C’est Hélène Berr – dont le journal vient d’être réédité en format de poche (Points/Seuil) – qui écrivait : « La seule expérience de l’immortalité de l’âme que nous puissions avoir avec sûreté, c’est cette immortalité qui consiste en la persistance du souvenir des morts parmi les vivants ».
C’était la fonction des cimetières et des monuments aux morts que de manifester cette persistance visible. Dans les familles, elle pouvait se traduire par la place donnée aux photographies, aux portraits et à la transmission des souvenirs.
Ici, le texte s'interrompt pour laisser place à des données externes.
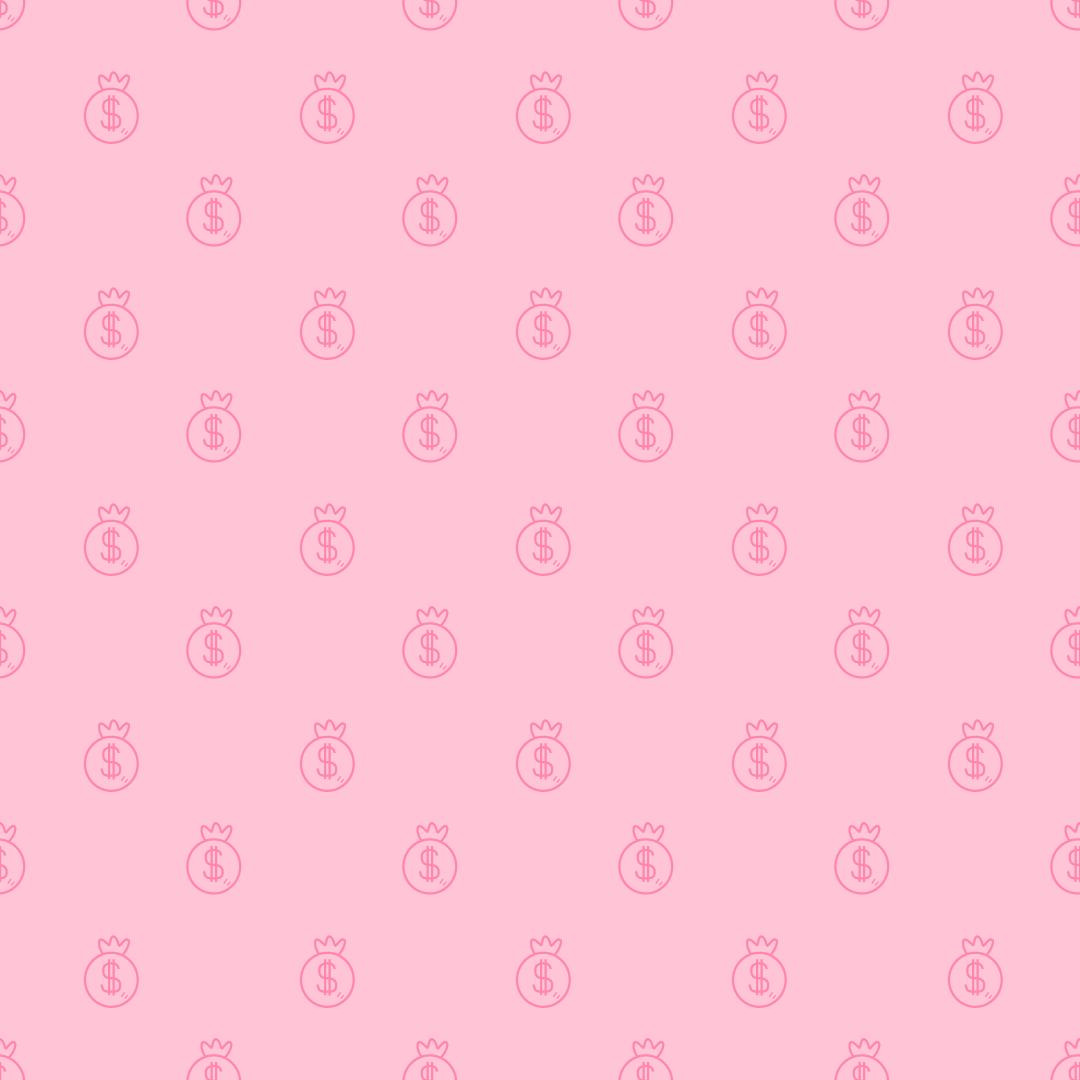 Pink Money Bag Pattern Background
Internet a désormais ajouté un immense cimetière-monument aux morts virtuel dont on mesure encore mal l’importance et le rôle. En comparaison, les Mormons qui engrangeaient à tour de bras les actes de naissance feront bientôt figure de gagne-petit.
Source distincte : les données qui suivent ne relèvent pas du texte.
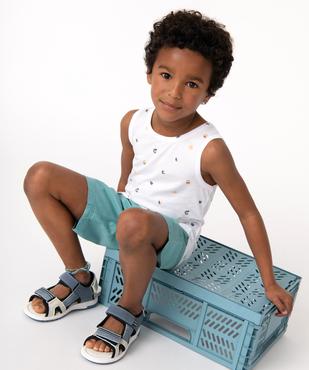 Débardeur garçon à motifs bicolores vue6 - GEMO (ENFANT) - GEMO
Mais suffit-il d’une fiche (comme celles du site Mémoire des hommes) ? D’une photographie, d’un court récit ?
Mes tiroirs sont pleins d’images qui, quand elles ne sont pas anonymes, ne sont que l’ultime trace d’un grand-oncle, d’une arrière grand-tante dont j’ignore à peu près tout. Pour certains (les Oelrichs), je sais qu’ils ont des centaines de descendants aux USA, pour d’autres, je sais que, justement, ils sont restés célibataires et que, probablement, il n’est pas plus oublié qu’eux.
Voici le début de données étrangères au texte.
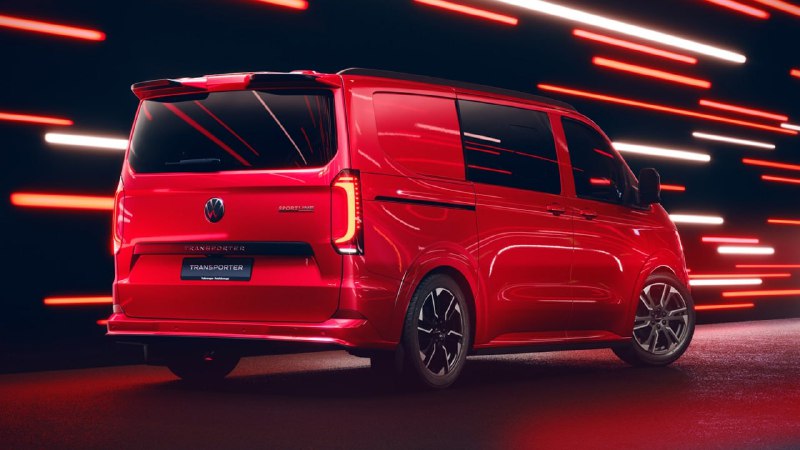 Volkswagen показал «спортивный» Transporter Sportline 3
Ce sont des questions de cet ordre que François Truffaut se posait brutalement dans La Chambre verte. Mais son « héros » échouait dans la mesure où il ne parvenait pas à faire partager par d’autres sa volonté de ne pas oublier. Sans doute ne faut-il pas se donner et donner aux autres des taches insurmontables. Á chacun de faire persister la mémoire de quelques disparus par tous les moyens qui pourront lui sembler bons.